The new beginning that Jesus’ Spirit calls forth from each of us is about living passionately.  It has been said, “Passion is the heartbeat of life.”  In this we get the sense that living passionately is about living fully—we can’t let ourselves become stagnant—Pentecost calls us a be ALIVE, not just breathing!   A passionate person is not lukewarm.  As followers of Jesus, lukewarm is the last thing we want to be—the book of Revelation tells us that the lukewarm, neither hot nor cold that is, are fit for nothing but to be spit out of the mouth of God (Rev. 3: 15-16)!

A story I’ve shared with you before from Joan Chittister that bears repeating is of a seeker who went to the monastery to gain enlightenment.  After much prayer, nothing seemed to happen.  Preparing to leave, the disappointed seeker asked the master,  “Why has my stay yielded no fruit?”  “Could it be because you lacked the courage to shake the tree,” asked the master kindly?

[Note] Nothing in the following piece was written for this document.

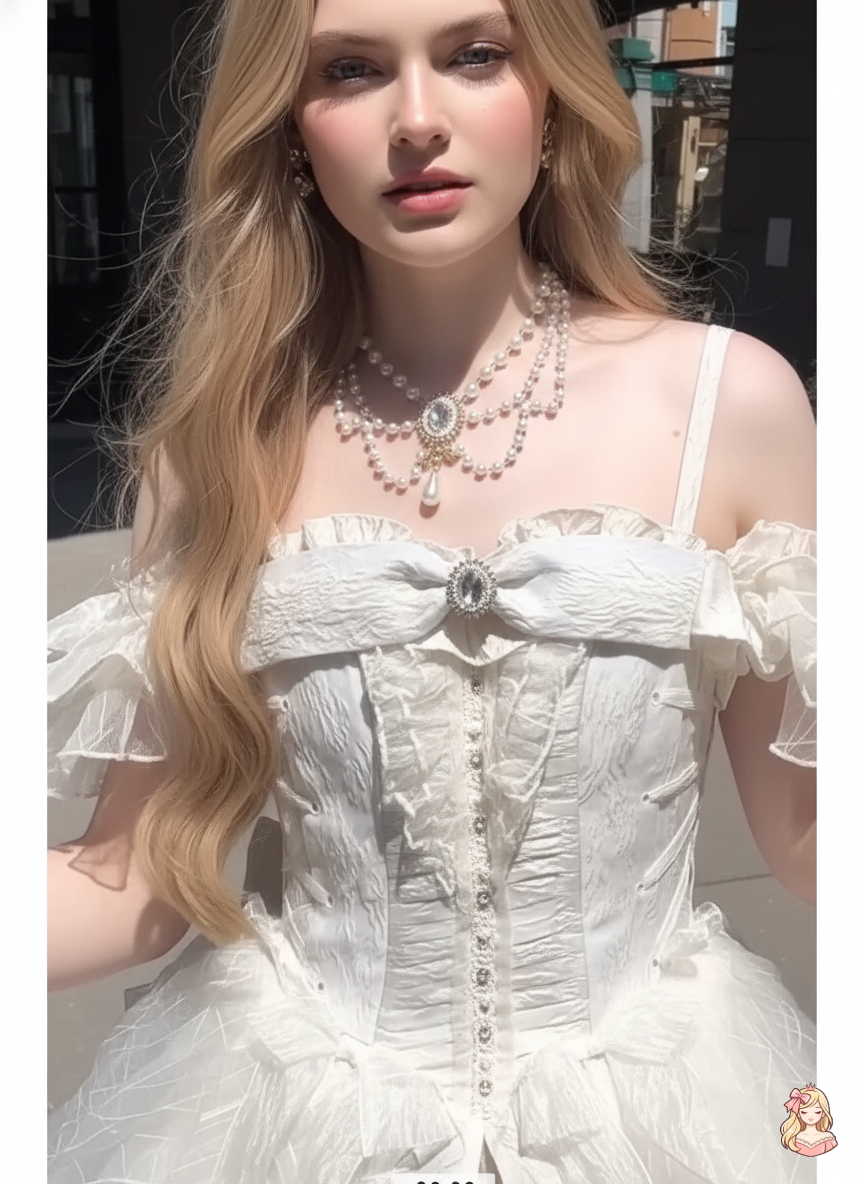 The Geneviève Rhinestone Gown | Off-Shoulder Bow Ball Gown | French Gala Wedding Dress | Parisian Princess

On this feast of Pentecost, it is good for us to spend some moments trying to get our heads and hearts around what happened to these first followers of Jesus—the manifestation of the resurrection, however that was experienced, followed by the coming of the Spirit, the very Breath of God upon them!

Scripture scholar, Diane Bergant tells us that what these first followers experienced was a theophany or an “experience of God.”  These phenomena— the tongues of fire, the violent wind blowing, the speaking in and understanding of foreign tongues were all manifestations that accompanied such a heavenly vision, as Scripture tells us.  These phenomena can be likened to God speaking to Moses through a burning bush or to Job through a whirlwind. Something marvelous had indeed happened!

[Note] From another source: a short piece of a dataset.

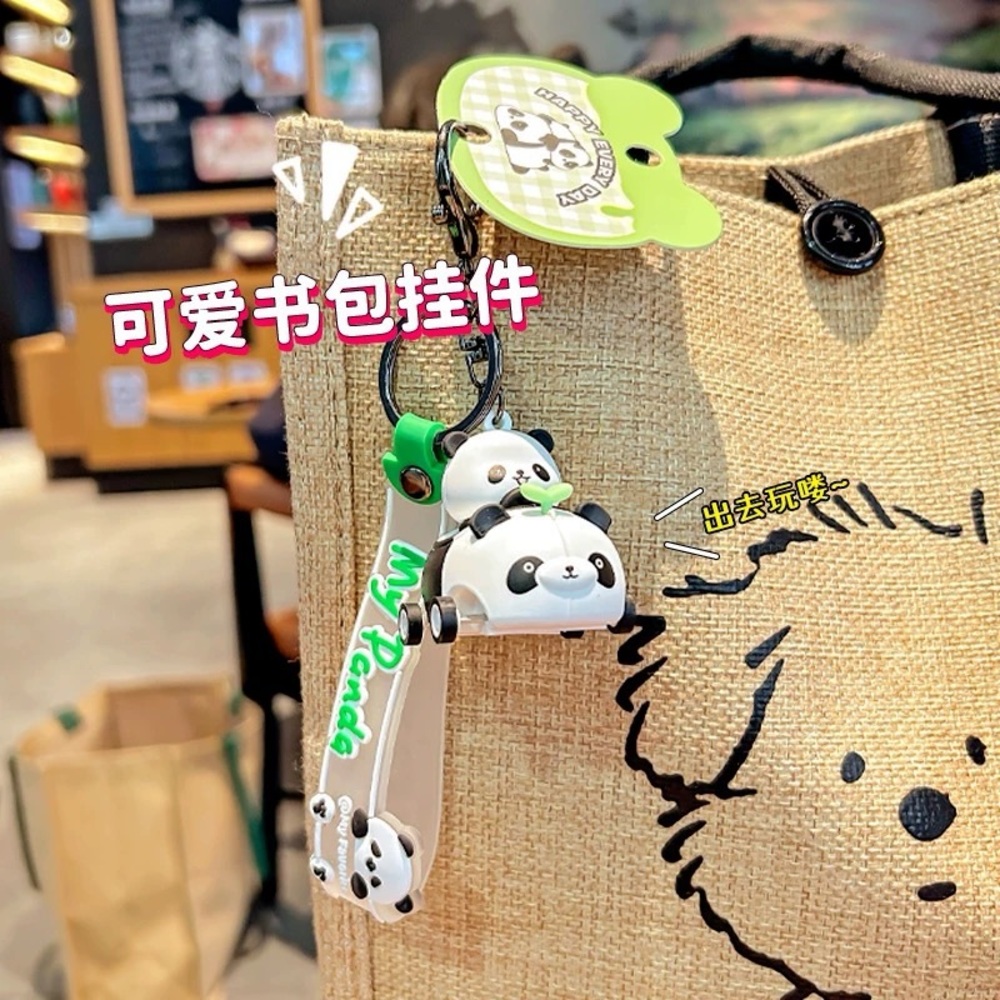 Cute Panda in a car Keychain with Green Accents - Picture 5 of 6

So what did all of this signal for them?  For us, also baptized and confirmed in the Spirit as followers of Jesus, the Christ?  For them, it called for courage to go out and boldly proclaim the message of love, unity and care that Jesus proclaimed so boldly concerning his Abba God.  I believe it calls each of us to a passionate walk with our brother Jesus—it calls us to get angry when we see people in positions of power, whether in Church or State, abusing that power for their own advancement when it was actually given for others, to make our world better.  It calls us to look lovingly on our beautiful earth and to do all we can to protect it for the use and enjoyment of generations to come.  It calls us to slow down, now, to see the beauty that the month of June gives us in the explosion of growth and color all around.   Joan Chittister speaks well of the beauty all around us and suggests that “flowers confront us with our responsibility for beauty.”  Do we bring beauty into our world through our actions, our speech, our very thoughts?

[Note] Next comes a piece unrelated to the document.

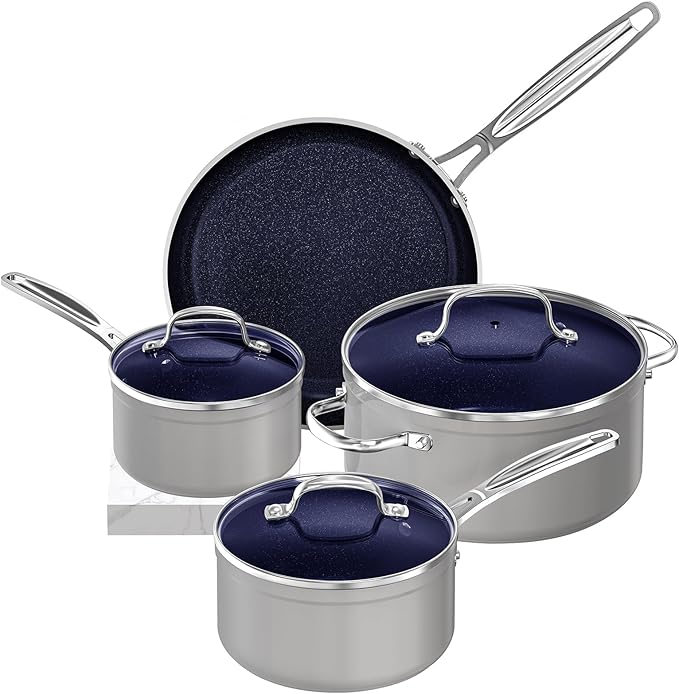 Nuwave 7pc Cookware Set Healthy Duralon Blue Ceramic Nonstick Coated, Diamond Infused Scratch-Resistant, PFAS Free, Oven Safe, Induction Ready & Evenly Heats, Tempered Glass Lids & Stay-Cool Handle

Pentecost is about being touched with the very Spirit of God to be our absolute best selves, always striving to show forth the divine that lives within each of us. Being our best selves, striving for that, means that we must, absolutely must, be accepting of all that come to our table and here I mean not only our table at All Are One, but the universal table of the Church. We must invite everyone to be part of this universal community and not wait until they believe as we do, but in the diversity that Paul speaks of to the Corinthians today—we will look with honor and privilege upon the gifts of all to show us the greater, grander face of God.  That is why I am a part of the Winona Interfaith Coalition because their vision is all about how much we share and how little divides us.

One of the aspects of Pentecost that we are all called to in this celebration is to remember that the gifts each of us is given are not ultimately for us, but for the building up of the kin-dom of our brother Jesus. Pentecost calls us to shake things up a bit—to be people of passion, fully alive and fully about love.  Pentecost calls us my friends to be prophets—to see visions and to dream dreams (Acts 2:17).  May God bless us all as we truly contemplate the Spirit’s indwelling within us and begin to join more fully in her work of renewing the face of the earth!  Amen? Amen!